Dès ses premiers essais, la philosophie devient l’objet d’une critique acerbe. Il rompt très tôt avec la philosophie universitaire incapable, selon lui, de soulager des maux de l’existence. Stérile, elle est une fuite dans l’abstraction afin d’échapper au vécu. Pourtant, malgré sa hargne à l’encontre du système, il ne rejette pas pour autant la pensée soucieuse de la vie. Proche en cela des Stoïciens et des Cyniques, il joue leur quête d’une sagesse que les professeurs dédaignent pour la spéculation et le jargon. La réflexion du penseur roumain s’apparente également à une méditation bouddhiste sur le moi et l’illusion. Cependant, la sagesse qu’il poursuit se distingue de la spiritualité orientale. «Sagesse négative», elle procède davantage du désaveu des certitudes et de l’Absolu que d’une quête du nirvâna.
Son scepticisme viscéral le conduit à des insolences fréquentes à l’égard de Dieu et de la religion. Mais, alors que cela devrait l’éloigner de la mystique, l’ascèse stylistique à laquelle il se contraint lie étrangement ses doutes à une mystique du mot. Ce paradoxe apparaît dans certains titres2 de ses ouvrages qui traduisent l’«écartèlement»3 de sa pensée entre son instinct sceptique et son aspiration mystique. Témoignage d’une sagesse inaccessible ou d’une mystique sans Dieu, la réflexion de Cioran dresse en fait l’inventaire des obstacles à la libération de l’homme, celui-ci demeurant prisonnier de ses illusions malgré son désir de vérité et d’Absolu. L’absence de transcendance qui caractérise son art du discernement le rapproche sans aucun doute de Valéry – lui aussi mystique profane. Mais contrairement à l’intellectualisme de ce dernier, Cioran ne cède point à l’idolâtrie de l’esprit.
Nombreux sont les obstacles qu’il décèle sur la voie de la lucidité. Cioran s’en prend surtout aux mots et à la réalité qu’ils déterminent – et à laquelle nous adhérons. Il estime que l’éveil ne résulte pas de l’adhésion au langage, mais de la perception de l’irréalité et du vide. Toute sa pensée découle de ne nihilisme. Dès lors, la vie ne peut être qu’un simulacre de réa-lité et le moi, un agrégat d’humeurs fluctuantes sans consistance. La «tentation d’exister», à laquelle l’homme cède en naissant, l’entraîne aussi inexorablement au néant. Devant ce tragique de la condition humaine. Cioran a souvent songé à se suicider. Il ne put toutefois s’y résigner, trouvant dans les mots – cette «volupté de l’apparence» – des vertus consolatrices à sa lucidité. Dans cette perspective, le fragment et l’aphorisme s’avèrent une thérapeutique préférable au traité de philosophie.
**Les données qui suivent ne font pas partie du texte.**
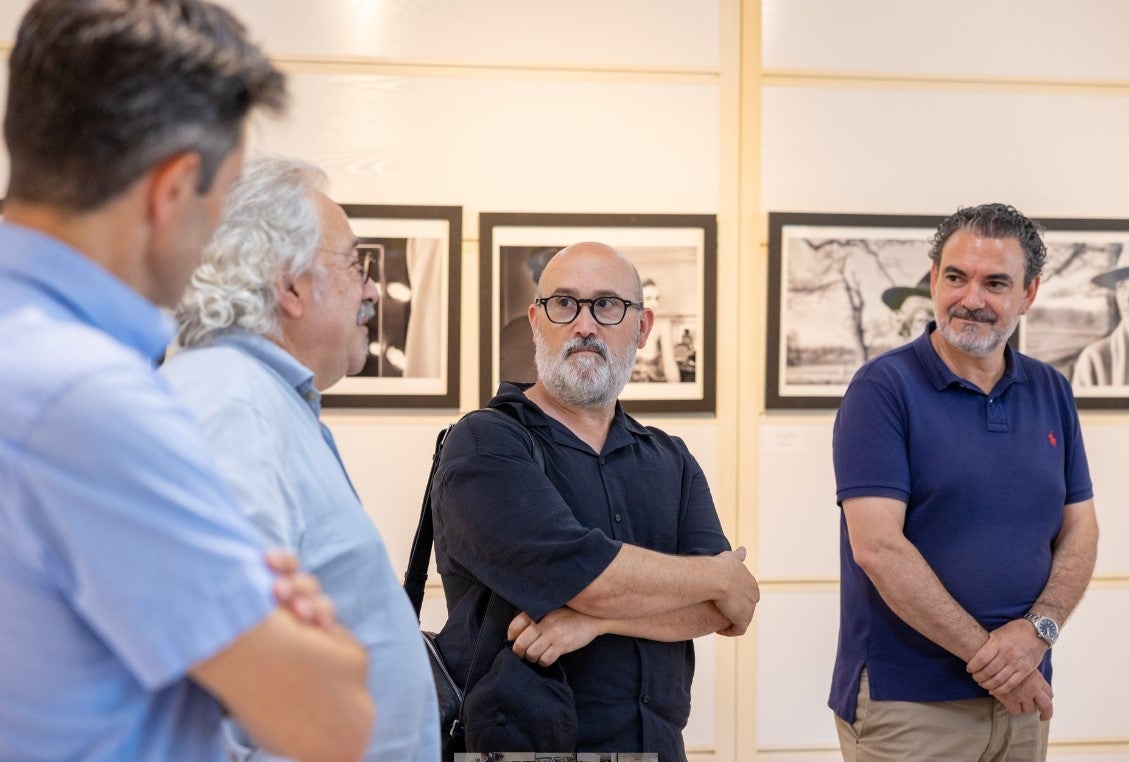 El Festival de Cine de L'Alfàs acoge la exposición de fotografías de Javier Cámara El Festival de Cine de L'Alfàs acoge la exposición de fotografías de Javier Cámara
Ils autorisent les contradictions inhérentes au vécu que le souci de cohérence exclut. Le caractère homéopathique de la forme brève en fait un «remède» au désespoir de vivre, tandis que le roman demeure un tissu de mensonges inutiles. La littérature est, aux yeux de Cioran, une farce dérisoire en regard de l’absurdité de l’existence et du désarroi qu’elle suscite. Si le concept traduit les illusions de la raison et le roman celles de la littérature, c’est parce que celles-ci génèrent une inflation verbale incapable de nous guérir de l’inconvénient d’être né.
Il y a certes un paradoxe de la part de Cioran à dénoncer ainsi l’illusion des mots alors qu’il y recourt impunément. Il ne conteste cependant ni l’effet thérapeutique de l’écriture sur ses angoisses, ni celui de son esthétique du discernement sur ses dégoûts. Nourrie de pessimisme et d’ironie, son œuvre procure à ses lecteurs une allégresse qui résulte curieusement de son cynisme. C’est là le secours qu’offrent la dérision et l’humour du sceptique face au tragique de l’existence. Ils conduisent à une sagesse ambiguë émanant de ses exercices de lucidité. Une sagesse qui préfère en définitive au fardeau de la connaissance la jouissance des apparences.
M. S.
1 Signalons la biographie de G. Liceanu, Itinéraires d’une vie: E. M. Cioran suivi de Les continents d’insomnie, entretien avec E. M. Cioran, aux Editions Michalon. Riche de photographies, notamment sur la jeunesse de Cioran, elle complète les Entretiens, inédits en français, parus chez «Arcades» Gallimard ainsi que les Œuvres dans la nouvelle collection «Quarto» de Gallimard.
2 Syllogismes de l’amertume (1952), La chute dans le temps (1964), Sur les cimes du désespoir (1990), Le Crépuscule des pensées (1991), Des larmes et des saintes (1992).
3 Ecartèlement, Paris, Gallimard, 1979.